#### [WORK INSTRUCTION]
Write out all the data verbatim. Skip images.

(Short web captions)
"""
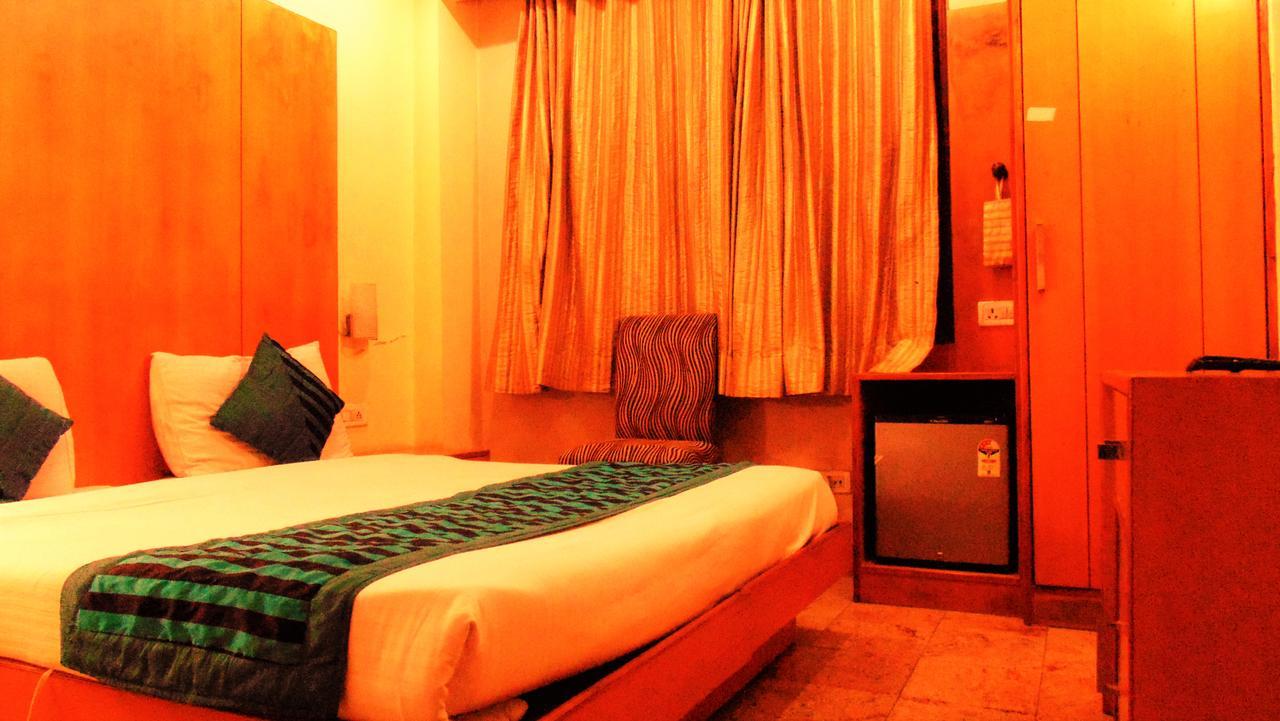 Hotel Maharaja Дели Экстерьер фото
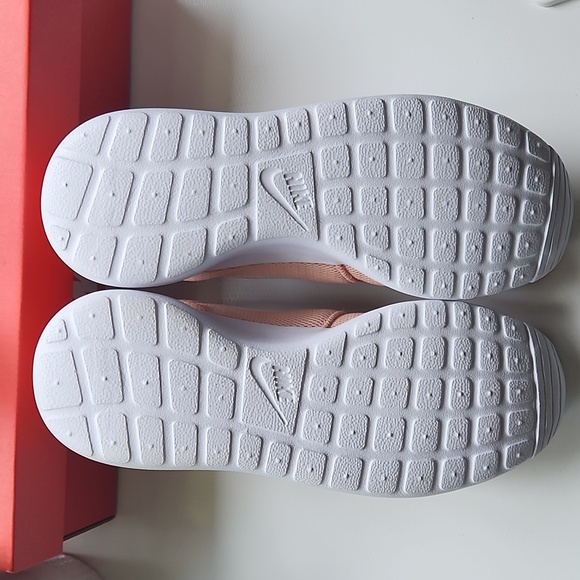 Nike Roshe One - Picture 4 of 4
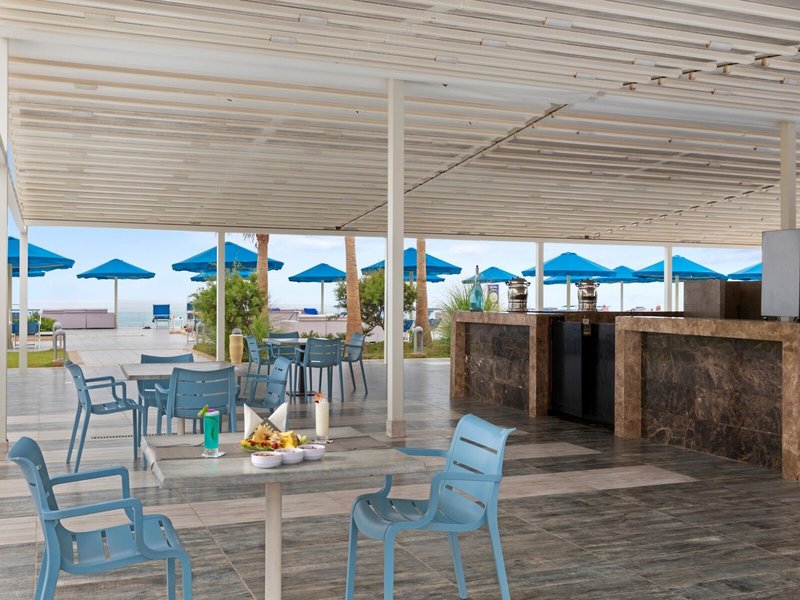 White Beach Resort 17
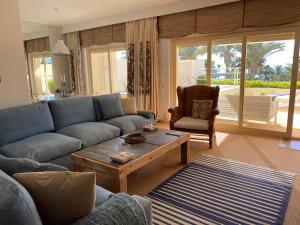Posedenie v ubytovaní Luxury Apartment Penthouse in Sotogrande Paseo del Mar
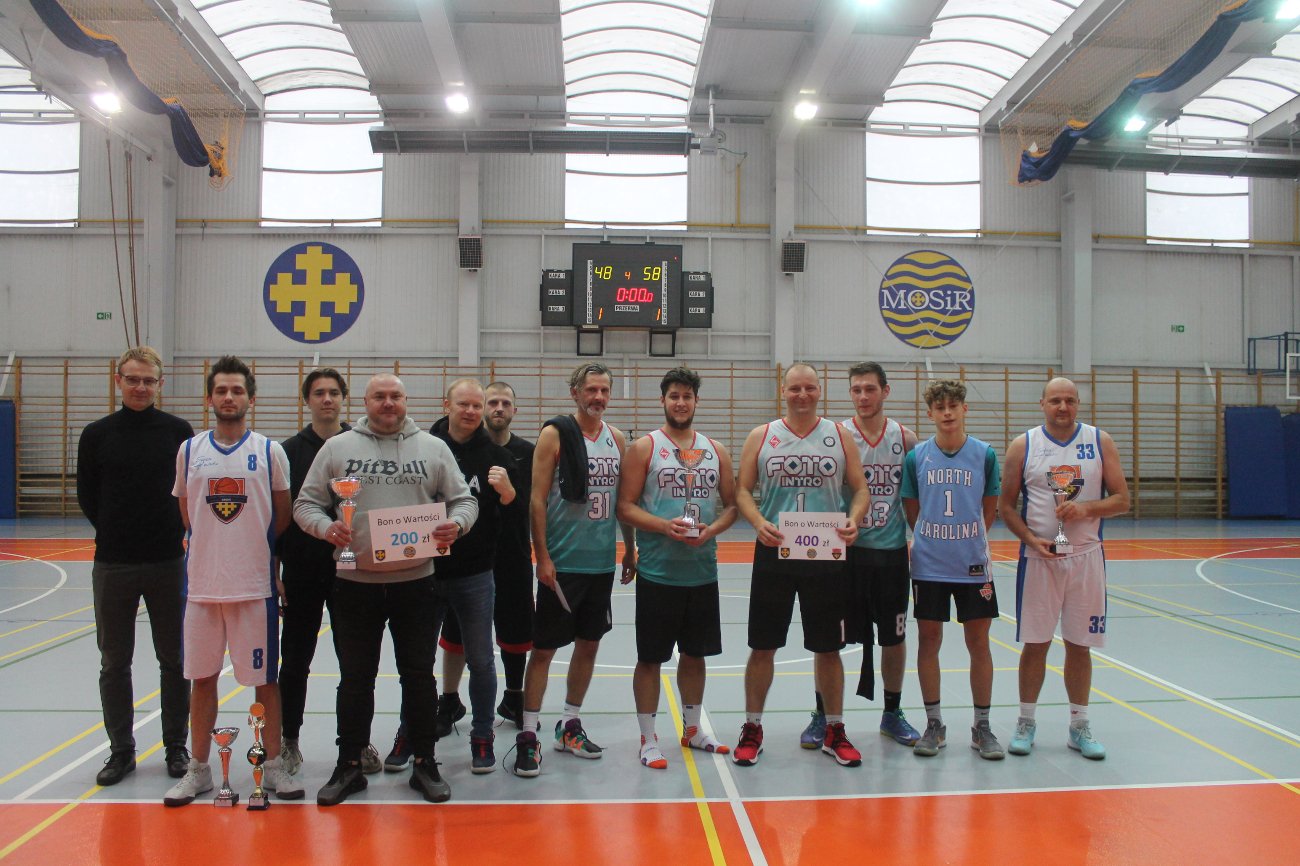 Mistrzowski tytuł przegrali w ostatniej kolejce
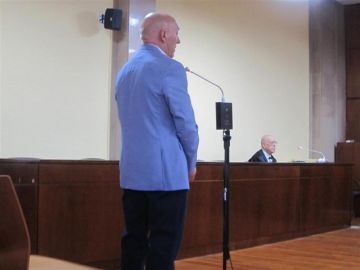 El procesado durante el juicio. El procesado durante el juicio.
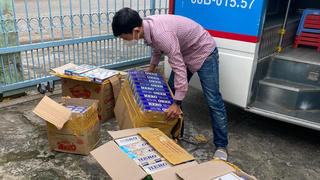 Vận chuyển trên 2.000 bao thuốc lá lậu để lấy công 250.000 đồng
"""
#### [SOLUTION TO THE EXERCISE]
 Hotel Maharaja Дели Экстерьер фото
 Nike Roshe One - Picture 4 of 4
 White Beach Resort 17
Posedenie v ubytovaní Luxury Apartment Penthouse in Sotogrande Paseo del Mar
 Mistrzowski tytuł przegrali w ostatniej kolejce
 El procesado durante el juicio. El procesado durante el juicio.
 Vận chuyển trên 2.000 bao thuốc lá lậu để lấy công 250.000 đồng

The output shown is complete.